Long time ago our CTO said something like:
“People uses our website to book their holidays. Many of them took holidays once per year and spend most of their savings on this. We have to serve them well. All of them. We cannot ruin the holidays of a family.”.
When you look at some figure, and you see that “this issue impacts only 0.05% of customers” it’s easy to focus on the “only 0.05%”.
What if you are that 0.05%?
- Which is the degree of confidence you have about the fact that your product is working?
- Are you able to promptly spot issues affecting the users or the business?
- How many times you discover your product has a problem because someone else reports it to you?
- How many users had their day (or holiday, in my case) ruined because no one noticed we had a bug?
These are just some of the questions you could ask yourself, and my personal belief is that you should be able to answer like:
- nearly 100%
- yes
- nearly zero
- zero.
Ok, but… is it possible? How can we achieve it?
Saying that doing your best to avoid introducing bugs while you code is the baseline, I want to focus on what happens later.
No Errors Policy
As a developer, you may end up looking into logs or metrics. And you may end up finding errors. Some of these errors will be “normal errors”. Others will be “real errors”.
Ok, let me explain why, from my perspective, there is something totally wrong with this.
Regardless of the “source” I use for looking for errors (could be logs, metrics, events, some table on DB or whatever you want), here is my personal definition of error.
An error is something that:
- deserves an investigation
- should be either solved or downgraded
- anyway, must soon disappear from my monitoring tools
Solved means that I spot the cause and I apply some change that will solve 100% of the error cases. The typical case is a bug.
For example, let’s pretend I have some edge case where a division by zero happens. For sure, it’s possible to fix the code to properly manage the case (and probably this will end up in improving the customer experience, also).
Downgraded means 2 possible things:
- Downgraded to something like a warning/info (or even removed at all). This is when I spot the cause and I understand that actually it’s a valid, expected and managed behavior for the system/product.
E.g. let’s say that every time a customer runs a search on an e-commerce and gets no results, an error is triggered. It’s probably a nonsense error. It’s a valid circumstance, and it’s managed (well it should ) giving back the customer a proper “no results for your search” message. - Downgraded to a metric to keep monitored.
This is when I spot the cause, I understand that this is not a valid and expected behavior, but I am not able to apply a change that covers 100% of the cases. A possible example is a network error. I can tune all the network parameters, maybe play with some automatic retry where applicable, but in the end a network failure could happen. So what I want to monitor is the rate of failures, not the single error that could happen.
What I do not want is “normal errors” (it’s a per se nonsense in the definition…), the once for which you ask someone “what is this?” and the answer is “it’s normal, just ignore it”.
If you start accepting “normal errors”, you will soon be unable to spot “real errors”.

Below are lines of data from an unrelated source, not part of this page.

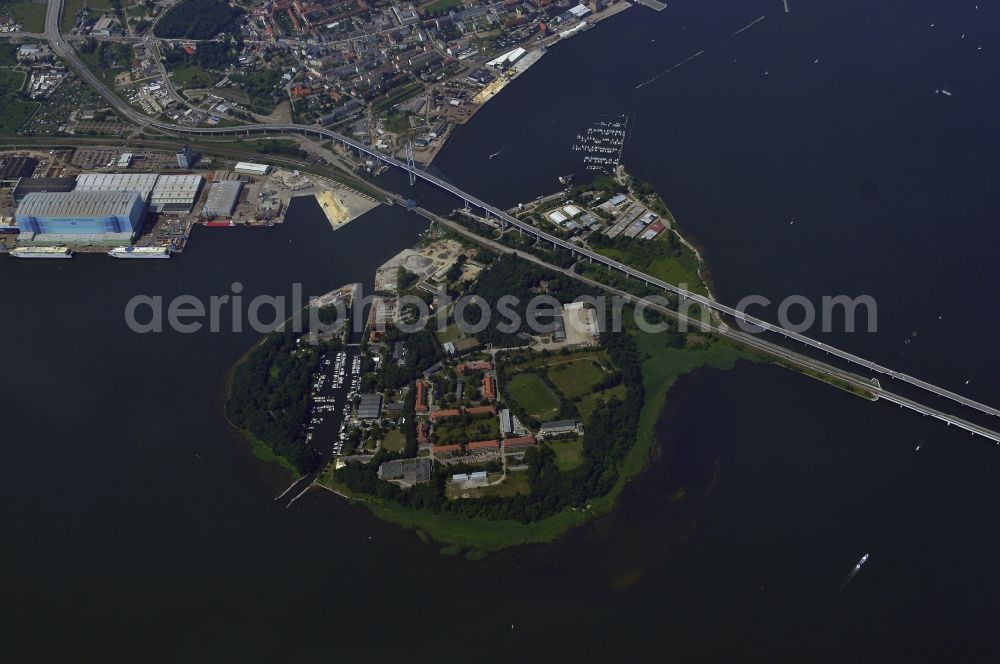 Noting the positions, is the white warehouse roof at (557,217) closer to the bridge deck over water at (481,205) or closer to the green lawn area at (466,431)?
the bridge deck over water at (481,205)

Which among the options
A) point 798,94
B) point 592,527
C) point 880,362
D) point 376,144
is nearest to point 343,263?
point 376,144

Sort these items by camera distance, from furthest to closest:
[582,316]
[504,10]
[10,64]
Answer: [504,10] < [10,64] < [582,316]

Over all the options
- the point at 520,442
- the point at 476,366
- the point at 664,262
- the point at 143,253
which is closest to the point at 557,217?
the point at 664,262

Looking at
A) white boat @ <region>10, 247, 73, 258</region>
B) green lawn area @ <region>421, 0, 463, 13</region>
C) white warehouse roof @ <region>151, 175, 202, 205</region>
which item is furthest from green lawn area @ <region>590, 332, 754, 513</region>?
green lawn area @ <region>421, 0, 463, 13</region>

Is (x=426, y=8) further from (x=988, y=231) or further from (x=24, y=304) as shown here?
(x=988, y=231)

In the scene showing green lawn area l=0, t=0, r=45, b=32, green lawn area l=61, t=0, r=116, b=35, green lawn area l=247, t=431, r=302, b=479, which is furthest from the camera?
green lawn area l=61, t=0, r=116, b=35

The vast majority of the services I had to deal with, triggers many errors in the form of error logs or metrics reporting some kind of errors (e.g. many HTTP 5xx response codes).

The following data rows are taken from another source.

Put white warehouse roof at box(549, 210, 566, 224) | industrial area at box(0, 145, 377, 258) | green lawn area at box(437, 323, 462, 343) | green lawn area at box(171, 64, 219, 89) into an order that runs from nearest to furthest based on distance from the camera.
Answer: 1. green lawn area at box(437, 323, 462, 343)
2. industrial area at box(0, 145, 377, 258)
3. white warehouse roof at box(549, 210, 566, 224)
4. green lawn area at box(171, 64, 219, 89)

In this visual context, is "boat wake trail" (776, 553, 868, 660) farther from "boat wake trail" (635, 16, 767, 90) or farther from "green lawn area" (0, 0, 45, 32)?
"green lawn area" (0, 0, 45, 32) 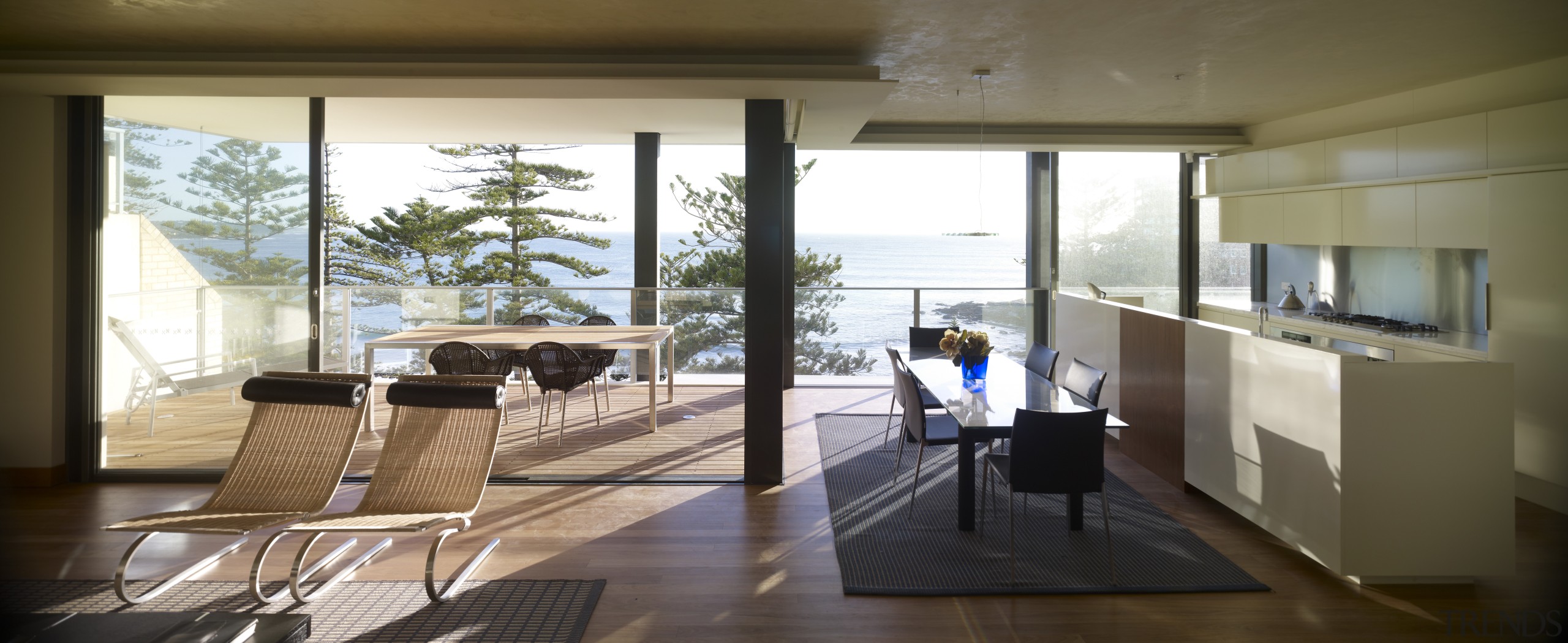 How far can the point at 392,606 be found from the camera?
11.5ft

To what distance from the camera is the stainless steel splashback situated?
6008mm

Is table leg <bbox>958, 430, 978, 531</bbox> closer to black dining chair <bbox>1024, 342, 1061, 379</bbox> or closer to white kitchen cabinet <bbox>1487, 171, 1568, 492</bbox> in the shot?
black dining chair <bbox>1024, 342, 1061, 379</bbox>

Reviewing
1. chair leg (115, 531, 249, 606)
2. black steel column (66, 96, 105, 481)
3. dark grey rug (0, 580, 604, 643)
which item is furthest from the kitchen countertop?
black steel column (66, 96, 105, 481)

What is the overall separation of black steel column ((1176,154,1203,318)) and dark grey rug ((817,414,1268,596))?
404 cm

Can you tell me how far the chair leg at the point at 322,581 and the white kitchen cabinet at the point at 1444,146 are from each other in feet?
22.0

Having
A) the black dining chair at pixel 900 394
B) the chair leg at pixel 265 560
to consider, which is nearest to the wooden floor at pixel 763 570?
the chair leg at pixel 265 560

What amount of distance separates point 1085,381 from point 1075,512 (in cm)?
76

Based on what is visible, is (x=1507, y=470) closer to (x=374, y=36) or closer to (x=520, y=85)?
(x=520, y=85)

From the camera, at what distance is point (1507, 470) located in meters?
3.58

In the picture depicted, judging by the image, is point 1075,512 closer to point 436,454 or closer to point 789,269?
point 436,454

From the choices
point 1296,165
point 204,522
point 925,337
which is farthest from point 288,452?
point 1296,165

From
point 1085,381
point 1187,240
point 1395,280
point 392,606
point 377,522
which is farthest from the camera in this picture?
point 1187,240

How can you spot real problems?
The whole point around this approach is that, together with the real impact of the “error” for users/business/systems, I also consider the noise that it creates. An error that is not a “real error” could not be a problem for the user, but will become a problem for whoever needs to monitor and troubleshoot the system (the fact that many times that’s could be me is also important 😇).
Moreover, the aim is to be able to catch every single real error.

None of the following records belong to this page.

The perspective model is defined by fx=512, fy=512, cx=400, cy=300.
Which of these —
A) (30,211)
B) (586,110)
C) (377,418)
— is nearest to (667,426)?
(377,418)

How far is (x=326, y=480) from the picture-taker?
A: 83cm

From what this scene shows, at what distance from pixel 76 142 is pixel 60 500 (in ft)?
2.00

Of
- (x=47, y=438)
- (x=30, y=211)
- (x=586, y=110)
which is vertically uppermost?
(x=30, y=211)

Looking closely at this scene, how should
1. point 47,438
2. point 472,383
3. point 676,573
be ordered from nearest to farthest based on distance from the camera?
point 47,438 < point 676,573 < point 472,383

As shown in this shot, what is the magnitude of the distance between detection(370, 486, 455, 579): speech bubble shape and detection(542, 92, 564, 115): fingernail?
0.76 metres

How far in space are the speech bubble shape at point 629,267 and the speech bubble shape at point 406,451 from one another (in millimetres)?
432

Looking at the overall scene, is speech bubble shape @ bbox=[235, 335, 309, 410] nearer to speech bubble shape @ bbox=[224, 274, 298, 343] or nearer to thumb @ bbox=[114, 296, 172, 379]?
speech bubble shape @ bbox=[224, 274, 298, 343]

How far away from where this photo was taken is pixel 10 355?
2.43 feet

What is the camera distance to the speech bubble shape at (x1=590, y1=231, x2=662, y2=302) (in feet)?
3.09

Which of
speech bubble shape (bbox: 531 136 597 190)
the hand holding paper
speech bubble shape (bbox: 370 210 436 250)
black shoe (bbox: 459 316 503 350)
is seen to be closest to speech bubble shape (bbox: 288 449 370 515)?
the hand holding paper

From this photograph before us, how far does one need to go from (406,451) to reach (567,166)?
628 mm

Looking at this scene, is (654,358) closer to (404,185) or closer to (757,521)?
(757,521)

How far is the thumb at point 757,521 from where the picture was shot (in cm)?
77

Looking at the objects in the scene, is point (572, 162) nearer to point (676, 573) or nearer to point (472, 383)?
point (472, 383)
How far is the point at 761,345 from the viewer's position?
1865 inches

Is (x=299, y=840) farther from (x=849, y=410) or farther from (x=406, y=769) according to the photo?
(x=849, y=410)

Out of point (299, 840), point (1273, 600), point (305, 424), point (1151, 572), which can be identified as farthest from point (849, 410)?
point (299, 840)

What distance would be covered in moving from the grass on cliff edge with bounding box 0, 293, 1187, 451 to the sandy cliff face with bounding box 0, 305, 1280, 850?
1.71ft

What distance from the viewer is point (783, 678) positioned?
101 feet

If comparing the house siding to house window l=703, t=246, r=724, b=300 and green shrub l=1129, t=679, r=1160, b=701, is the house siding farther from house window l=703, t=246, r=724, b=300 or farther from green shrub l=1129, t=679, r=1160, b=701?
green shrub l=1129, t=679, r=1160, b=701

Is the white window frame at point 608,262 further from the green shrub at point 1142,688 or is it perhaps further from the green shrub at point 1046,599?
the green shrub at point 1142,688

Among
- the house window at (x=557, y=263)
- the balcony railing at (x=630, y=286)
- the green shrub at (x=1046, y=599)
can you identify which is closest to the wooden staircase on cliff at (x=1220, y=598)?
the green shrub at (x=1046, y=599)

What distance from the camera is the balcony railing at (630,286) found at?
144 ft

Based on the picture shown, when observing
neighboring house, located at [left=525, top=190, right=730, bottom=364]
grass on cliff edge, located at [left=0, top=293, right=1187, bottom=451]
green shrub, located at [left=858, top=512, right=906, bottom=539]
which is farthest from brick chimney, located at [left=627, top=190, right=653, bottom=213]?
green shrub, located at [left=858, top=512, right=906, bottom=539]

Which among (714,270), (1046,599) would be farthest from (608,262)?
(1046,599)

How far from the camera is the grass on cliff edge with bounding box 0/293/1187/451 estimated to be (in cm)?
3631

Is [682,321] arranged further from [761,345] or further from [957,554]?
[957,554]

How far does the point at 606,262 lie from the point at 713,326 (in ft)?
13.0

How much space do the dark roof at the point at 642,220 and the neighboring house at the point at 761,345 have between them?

Potentially, every single error (in my business) means a customer sleeping under a bridge because something went wrong with his hotel reservation.
Formalize who is going to check the monitoring
It’s useless to have good monitoring tools if no one looks at them.
Before implementing automatic alerts, in my opinion, it’s good to spend sometime (days, weeks…depends on how much traffic you have to monitor) monitoring the system manually.
Who should do it?
The most recent approach my team adopted is to have a person on rotation every week that, together with some other small special duties, is in charge of daily checking the monitoring tools. In our case, those are logs and metrics on Grafana.
Due to the “no errors policy” logs are quite easy to monitor for everyone: if you spot an error, it’s something to be investigated.
If you are not able to sort it out by yourself, just raise your hand and someone will jump in to support.
Metrics are a bit more tricky, it’s not so trivial to spot issues. The base rule is to check the trend. If you see a change in the pattern, there is something to investigate, regardless of the meaning of the specific metric. And again, someone else from the team can jump in to support if needed.
(I’ll be honest, here is much more difficult to keep everyone in the team aligned so that everyone can make a decent monitoring. Still now, sometime, we miss some problem that later we notice to be “quite evident” from the metrics)
Of course, there are other possible solutions. Having a person on rotation fosters knowledge sharing, and in our team that’s feasible due to the relatively small size of the domain we work on.
Formalize the error classification and management activity
It’s useless having some nice classification on paper if no one applies it.
So…what happens when we spot an error?
Our decision has been that the same person in charge of monitoring the system, will also be in charge of managing the errors.
Managing an error means either immediately applying the required change, if it’s clear and simple enough, or to bringing it to the team attention if it requires some more discussion, non-trivial solution or planning.
Moreover, the same person is in charge of assessing the impact of the error and apply any compensation action. E.g. maybe due to the error a communication sent to a customer went lost, so we will send it again; if a system remained in an inconsistent status, we fix it, etc.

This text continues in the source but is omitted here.